Chemistry - Why is carbon dioxide nonpolar?
Solution 1:
so wouldn't it be that you would have an even more positive carbon and 2 partially negative oxygens
Yes, your analysis is correct to this point. A chemist would say that the bonds in $\ce{CO2}$ are polar (or polarized) and therefor each $\ce{C=O}$ bond has a bond dipole moment. However the molecule itself is linear and the two bond dipole moments are oriented 180 degrees with respect to one another and cancel each other out, so overall the molecule does not have a dipole moment and is non-polar.
EDIT: There are a couple of reasons why $\ce{CO2}$ is more soluble in water than $\ce{O2}$. Because the two $\ce{C=O}$ bonds in $\ce{CO2}$ are polarized (whereas in $\ce{O2}$ the bond is not polarized) it makes it easier for the polar water molecule to solvate it and to form hydrogen bonds. Both of these factors will stabilize a $\ce{CO2}$ molecule more than an $\ce{O2}$ molecule in water; stabilization translates into greater solubility.
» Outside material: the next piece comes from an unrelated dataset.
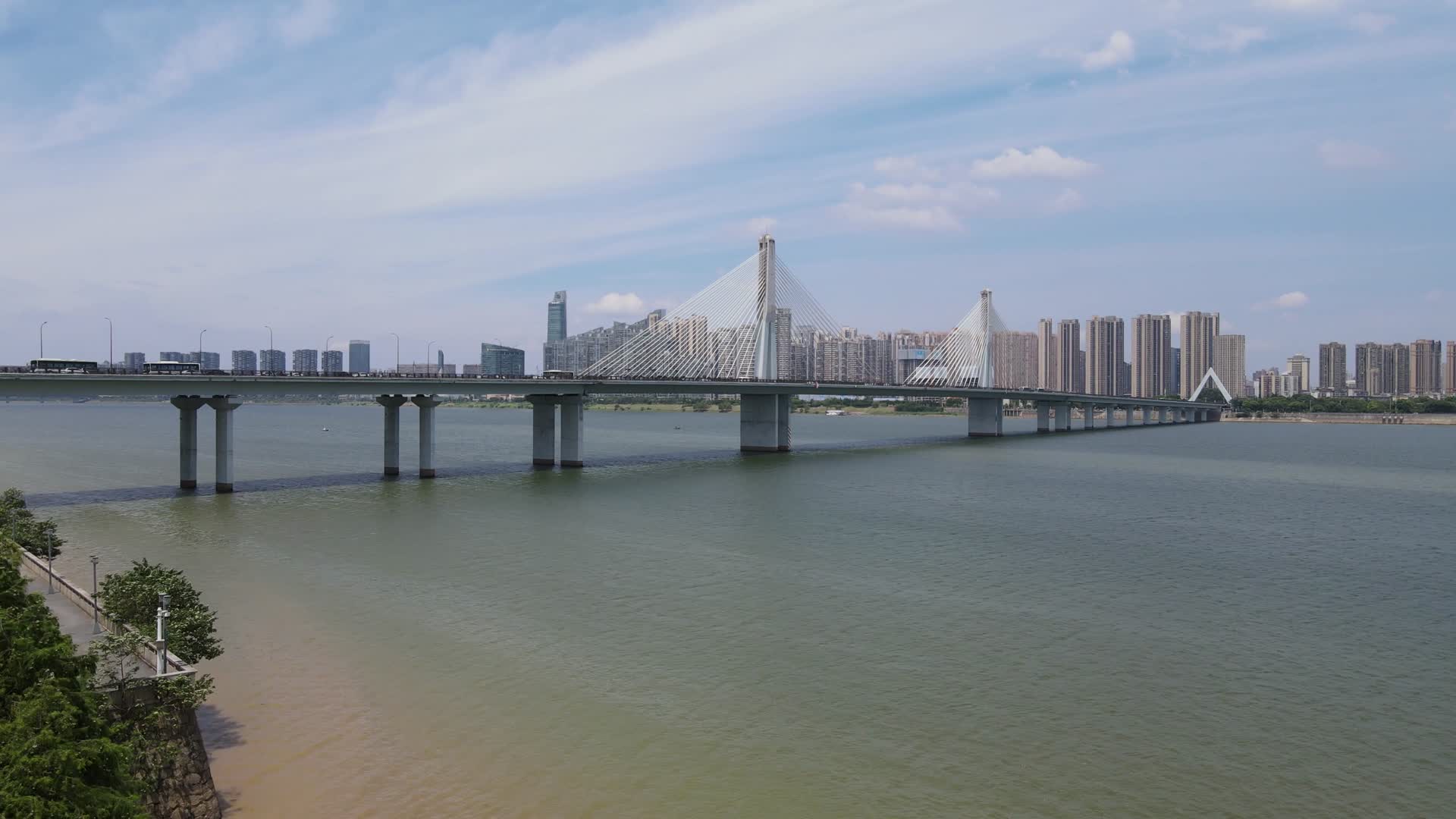 航拍湖南长沙银盆岭大桥视频的预览图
Another factor enhancing the solubility of $\ce{CO2}$ in water is the fact that $\ce{CO2}$ reacts with water to set up an equilibrium with carbonic acid. $$\ce{CO2(aq) + H2O <=> H2CO3(aq)}$$ This reaction will also enhance $\ce{CO2}$'s solubility in water compared to oxygen which does not react with water.
Solution 2:
In understanding molecular polarity you need to take the whole structure into account.
Your reasoning is correct as far as the parts of the molecule are concerned. The individual bonds are polar.
But, a molecule can only be polar if it has a net dipole moment (that is, the charges don't balance out in direction across the whole molecule). So CO is polar as the polarity of the carbon-oxygen bond is unbalanced and the distribution of partial charge on the bond affects the whole molecule (giving the whole molecule a dipole moment). But CO2 is a linear molecule and the partial dipoles of the two bonds are in exactly opposite directions. Hence they exactly balance out giving a molecule which is non-polar.
If CO2 were not linear (like SO2 which is bent) it would be a polar molecule.
Solution 3:
The formula for the net dipole moment $\vec{\mu_{net}}$ of an overall neutral system of $n$ charged point particles is given by:
$$ \vec{\mu_{net}} = \sum\limits_{i}^{n} q_i\vec{r_i} $$
where $q_i$ is the charge of the $i$th point particle and $\vec{r_i}$ is the position vector for said particle; each individual dipole moment points from a negative charge to a positive charge. Carbon dioxide is a linear and symmetrical molecule, meaning that in the ground state the bonds between each respective oxygen atom and the carbon atom have the same lengths, and each oxygen atom bears an identical (partial) negative charge. All of this ultimately means that the two individual dipole moments between the carbon and oxygens one and two, respectively, perfectly oppose each other geometrically and have the same magnitude, i.e., $q\vec{r_1} = -q\vec{r_2}$, hence the vector sum $q\vec{r_1} + q\vec{r_2} = \mathbf{0}$.
Solution 4:
It's like they are at tug-of-war with each other, and they both have the same strength; it's not going anywhere. Since the oxygen is more electronegative than carbon, it has a partial negative charge and the carbon has a partial positive charge (twice of the oxygen since there are 2 oxygen).
Solution 5:
The lone pairs on both oxygen atoms cancel each others effect, as simple as that. And the structure is symmetrical from all aspects, which again leads to zero dipole moment. Plus there is no net negative charge or lone pair of Carbon as well, therefore the compound cannot be polar. REMEMBER polarity is a vector.